**Directions**
Among the entries below, copy only the span from the line containing "Hiền Thục lần" through the line containing "Cozy For 2 - 11e Apartment". Do so exactly, and skip the pictures.

**Given information**
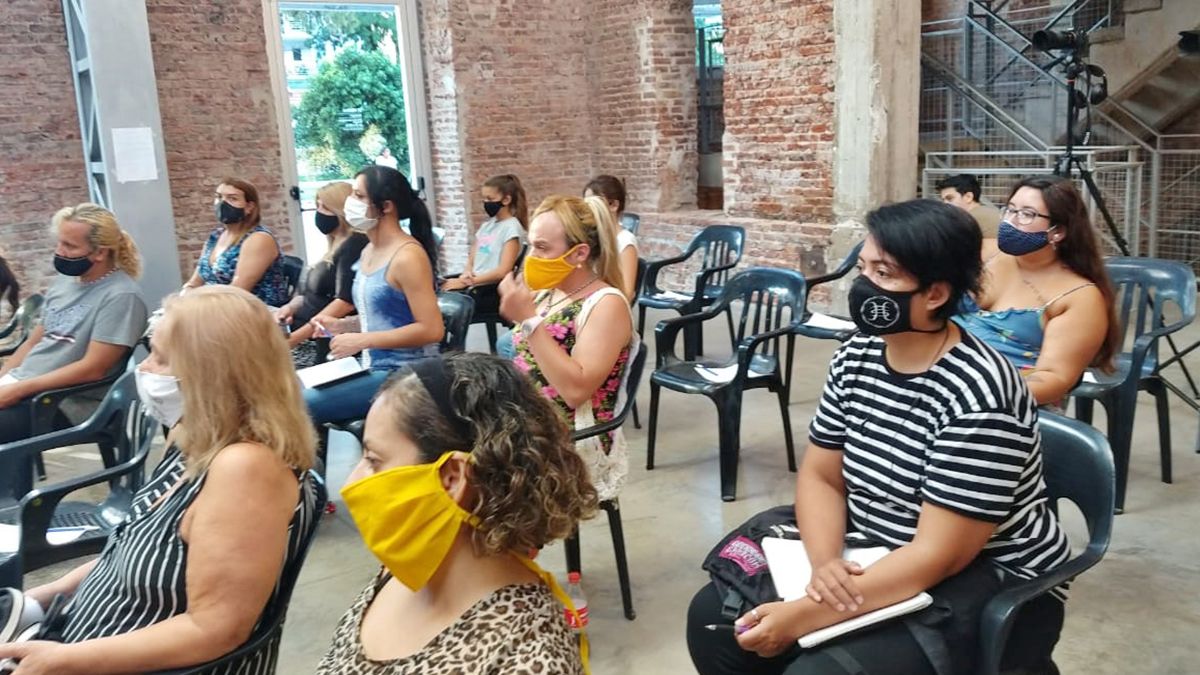 La asociación Mujeres a la obra firmó un convenio con provincia para llevar su propuesta a distintos puntos del territorio santafesino.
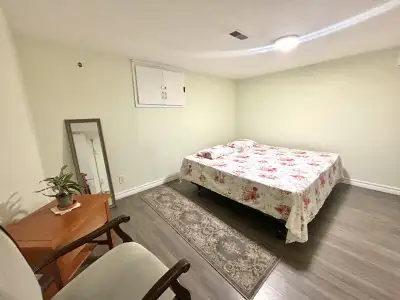 Room for rent near Brimley and Eglinton (women only)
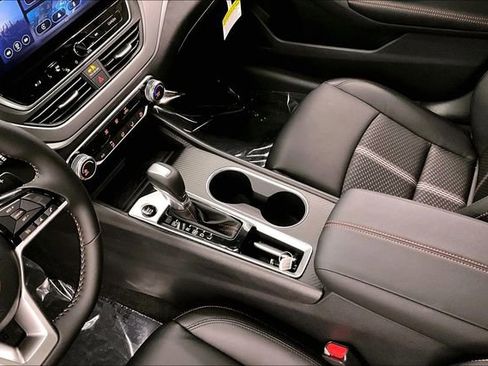 New 2026 Nissan Altima 2.5 SR FWD image 9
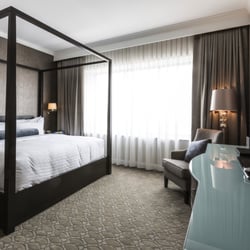 La Banque Hotel - King Corner room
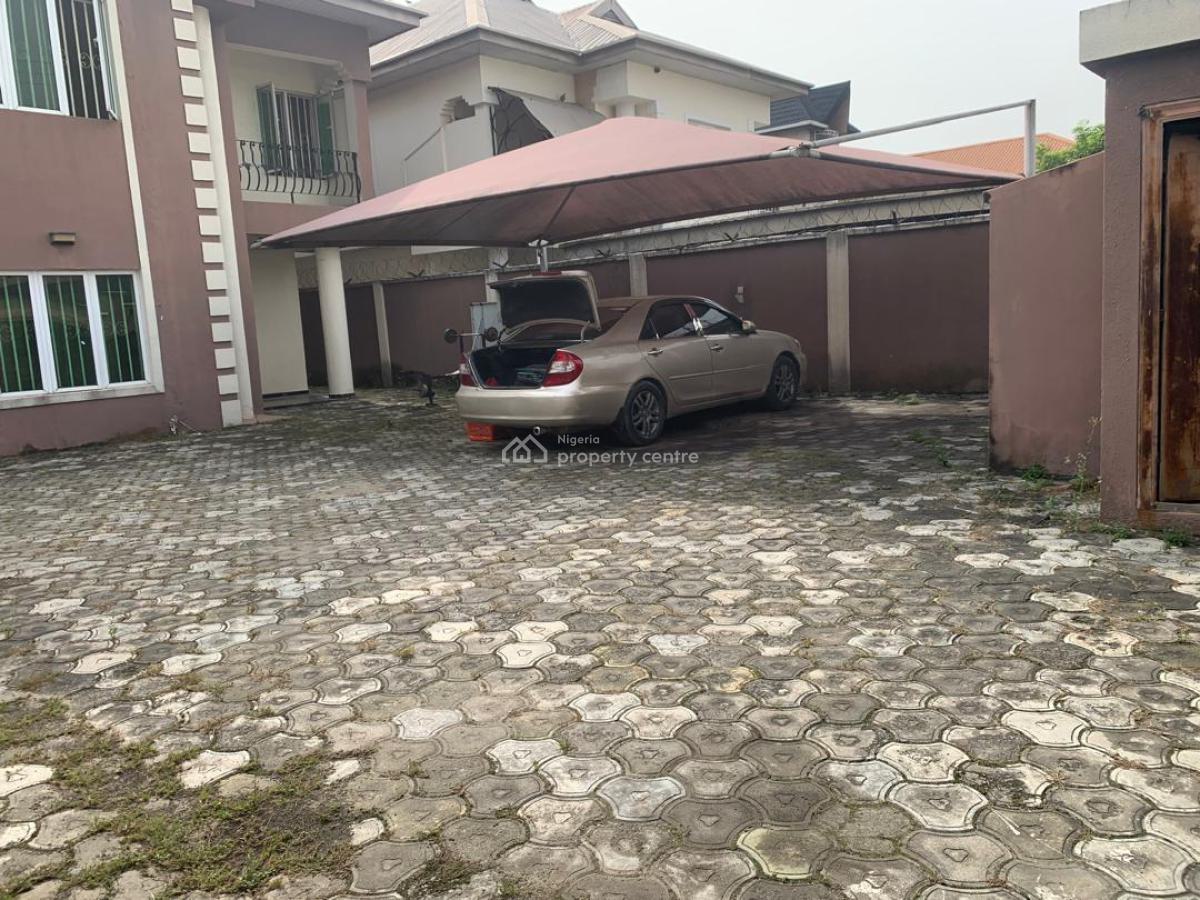 5 Bedrooms Detached House in Prime Location, Off Bisola Durosinmi Etti, Lekki Phase 1, Lekki, Lagos, Detached Duplex for Sale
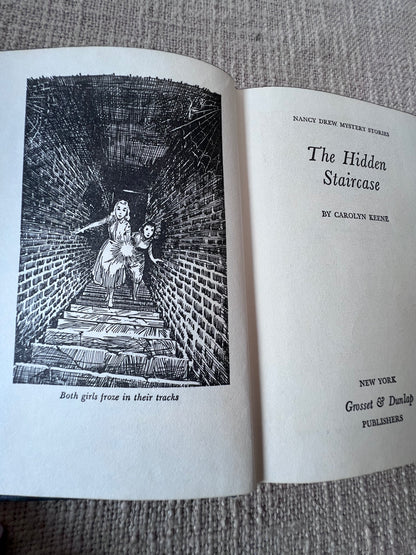 "The Hidden Staircase" - Vintage 1959 Nancy Drew Mystery #2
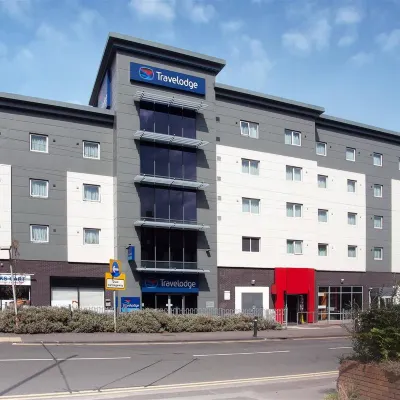 Travelodge Birmingham Halesowen Hotels near Frankley Services M5
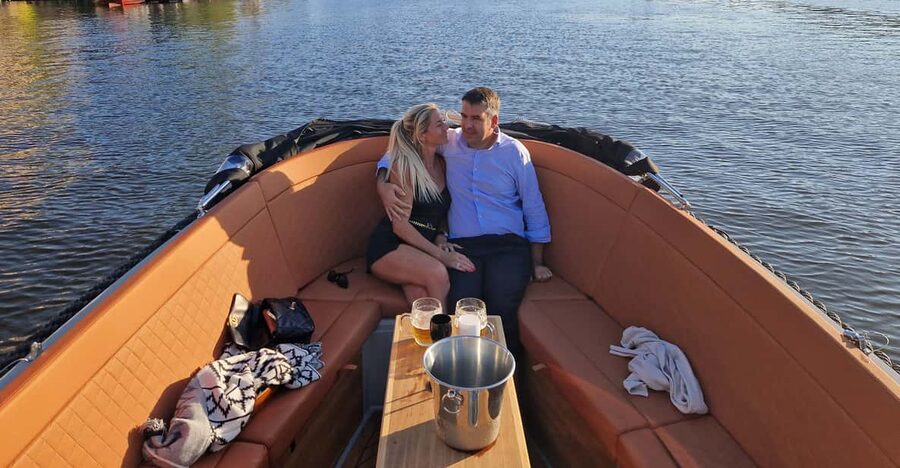 Prague Private Boat Tour - 2 Hours - Is $334 per person a fair price?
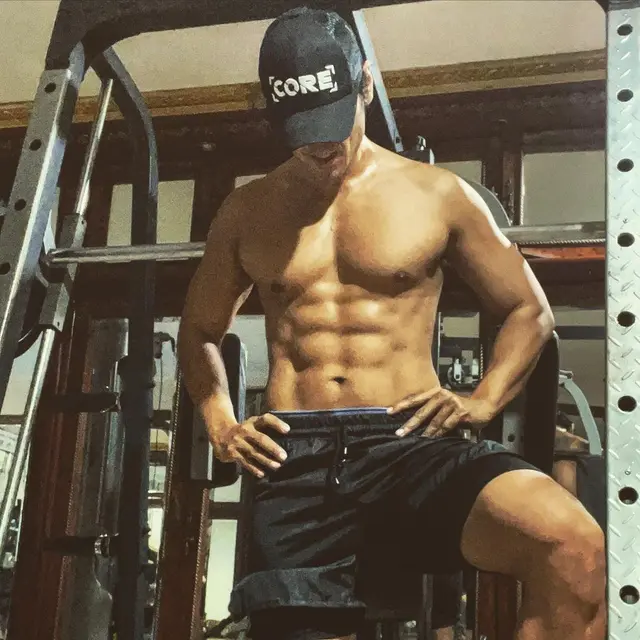 Rutin Gym, 6 Aktor Indonesia Ini Punya Tubuh Kekar yang Bikin Kagum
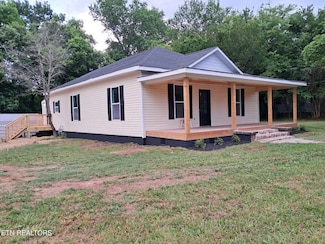 151 S Jackson St, Athens, TN 37303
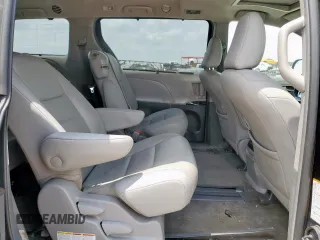 2018 Toyota Sienna XLE Auto Access Seat with VIN 5TDYZ3DC3JS937714, listed as a Copart auction lot 57392425 with 212,231 mi miles and Salvage title. Bid and sale history available at DreamBid. Image 11.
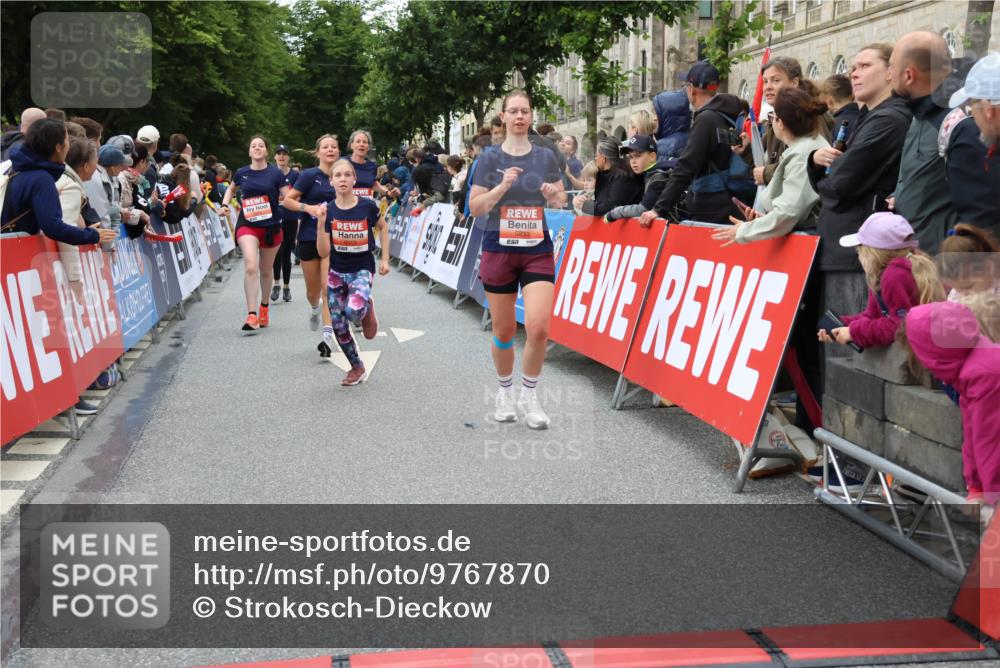 14.06.2026 - REWE Women's Run Strokosch-Dieckow http://msf.ph/oto/9767870 14.06.2026 11:00:26 Ziel 5143, 5233, 5322, 5403, 5415, 5691, 5692, 6019, 6040 meine-sportfotos.de
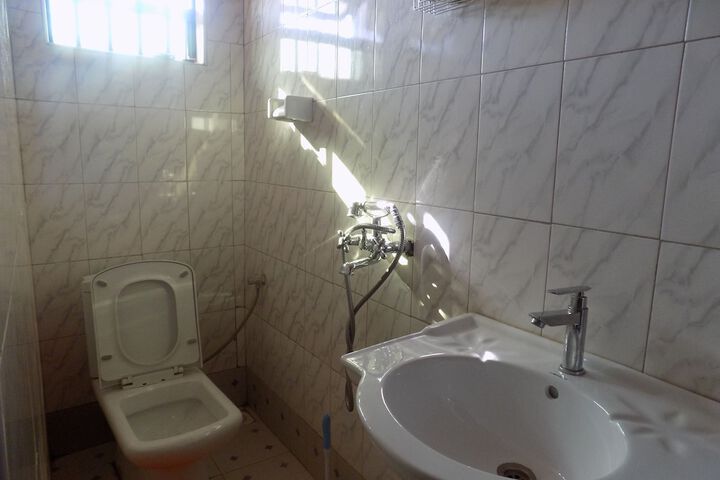 Room 18 of 24
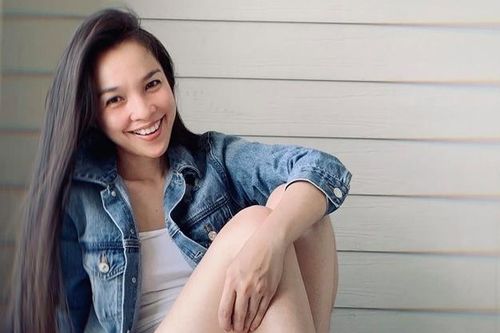 Hiền Thục lần đầu kể chuyện sinh con một mình ở tuổi 21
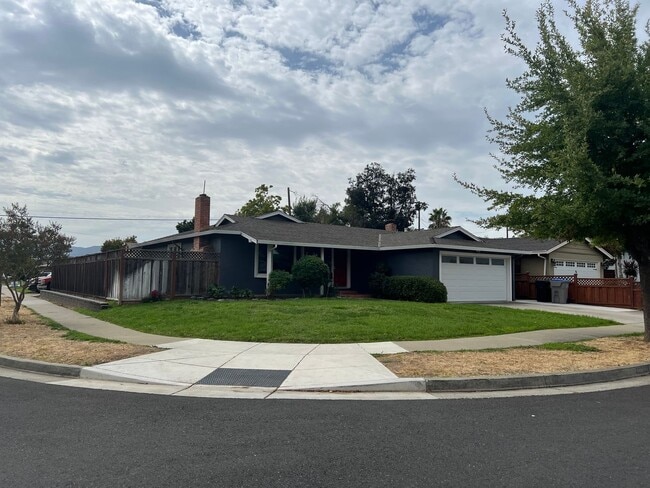 5028 Trenary Way in San Jose, CA - Building Photo - Building Photo
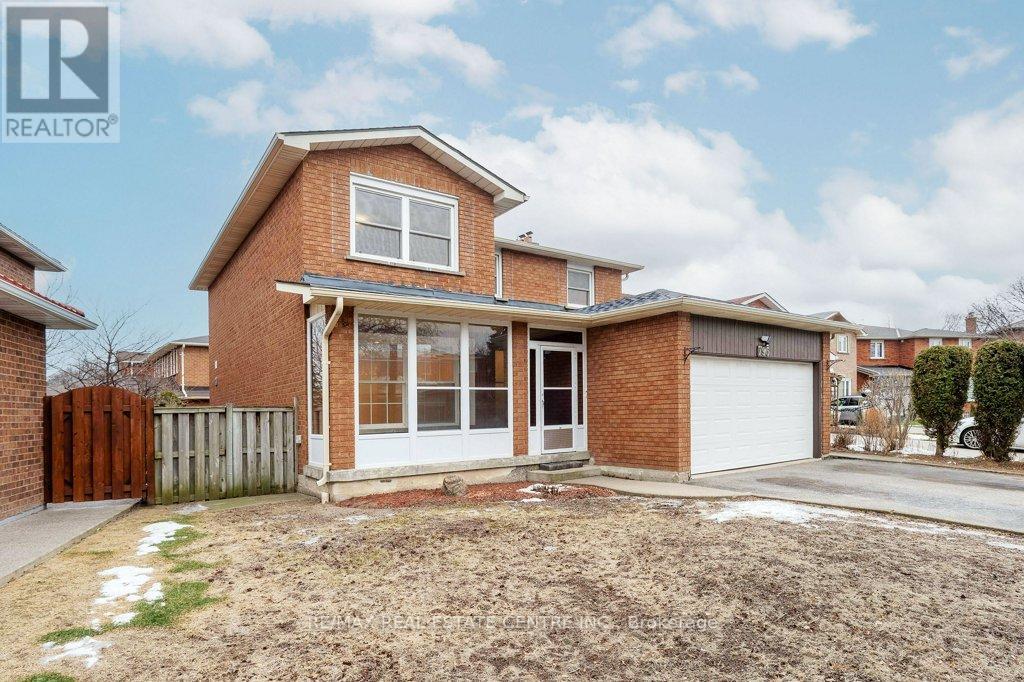 796 Buckingham Court, Mississauga, Ontario  L5C 4M3 - Photo 43 - W12769656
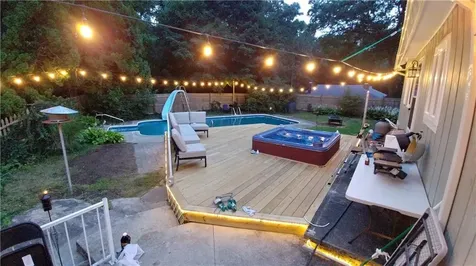 10 Blue Mist Drive Lincoln RI 02838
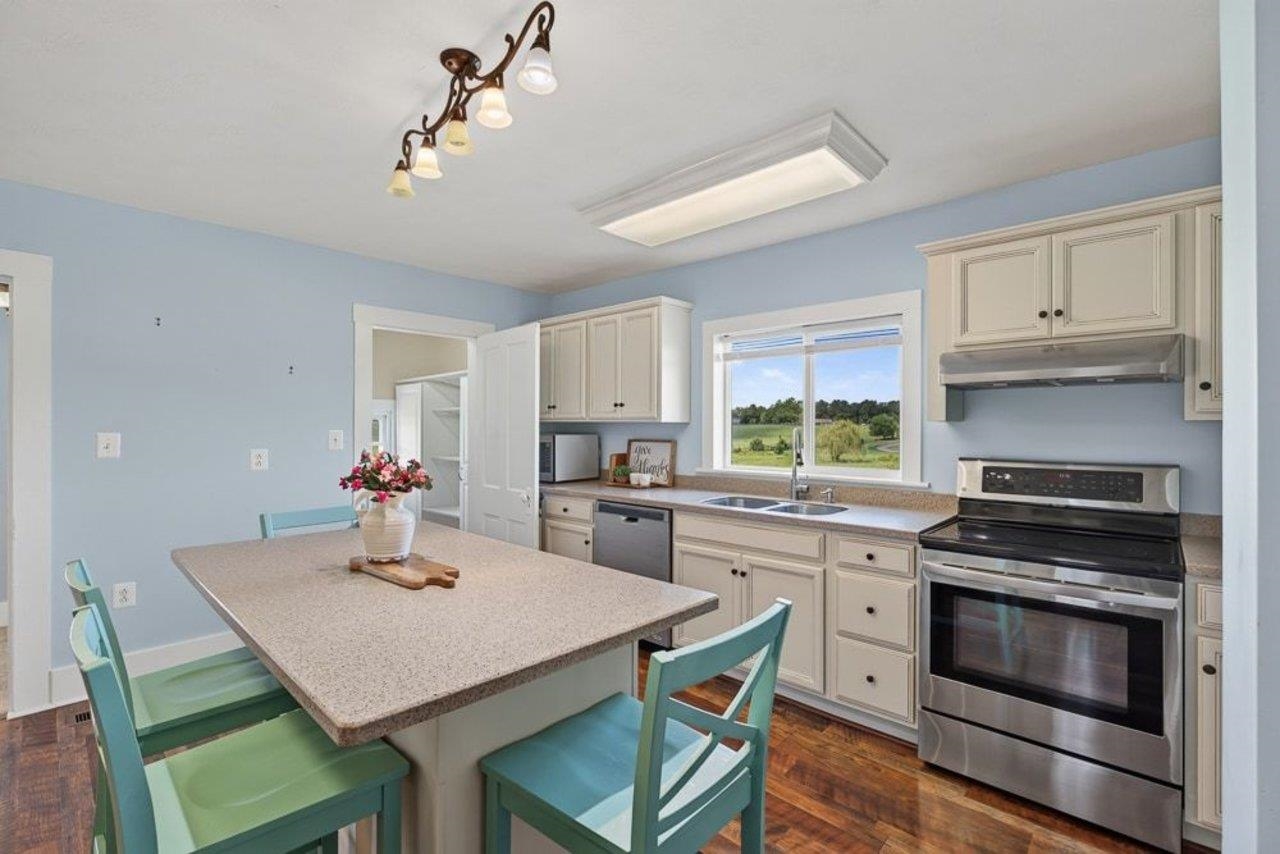 467 VISTA VIEW RD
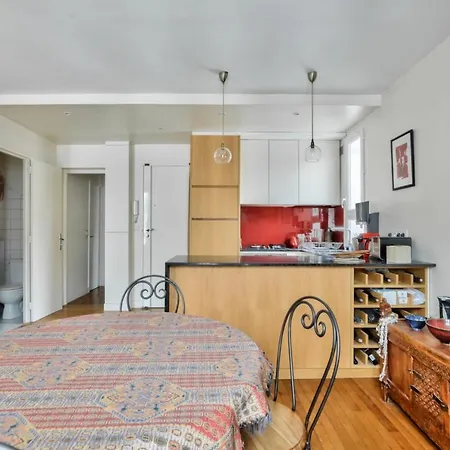 Cozy For 2 - 11e Apartment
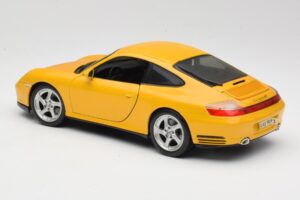 Porsche 911 996 Carrera 4S Geltonas Maisto 1:18 WAP02101610 Metalas - nuotrauka 7 iš 8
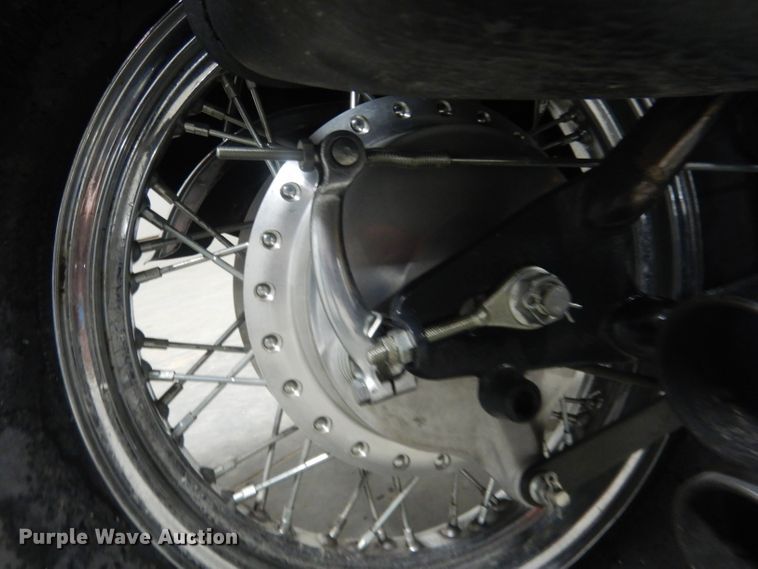 image for item HU9387 2000 Kawasaki VN800B  motorcycle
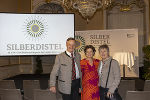 Verleihung der Silberdistel 2023: LR Ursula Lackner (M.) mit dem Stifter-Ehepaar Wilhelm und Marianne Graf. © Land Steiermark/Lunghammer; Verwendung bei Quellenangabe honorarfrei Verleihung der Silberdistel 2023: LR Ursula Lackner (M.) mit dem Stifter-Ehepaar Wilhelm und Marianne Graf.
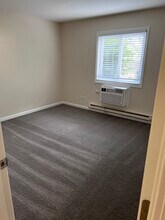 534 E Washington St in Round Lake Park, IL - Foto de edificio - Building Photo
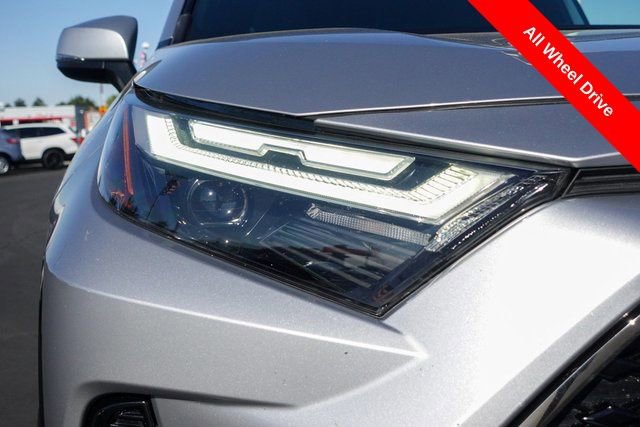 Used 2022 Toyota RAV4 SE image 7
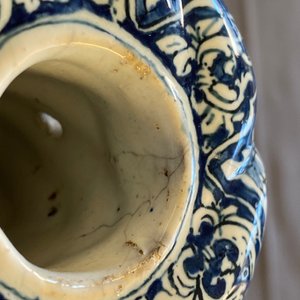 Een getorste blauw-witte Delftse kandelaar, eind 17e eeuw — foto 7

**Solution to this exercise**
 Hiền Thục lần đầu kể chuyện sinh con một mình ở tuổi 21
 5028 Trenary Way in San Jose, CA - Building Photo - Building Photo
 796 Buckingham Court, Mississauga, Ontario  L5C 4M3 - Photo 43 - W12769656
 10 Blue Mist Drive Lincoln RI 02838
 467 VISTA VIEW RD
 Cozy For 2 - 11e Apartment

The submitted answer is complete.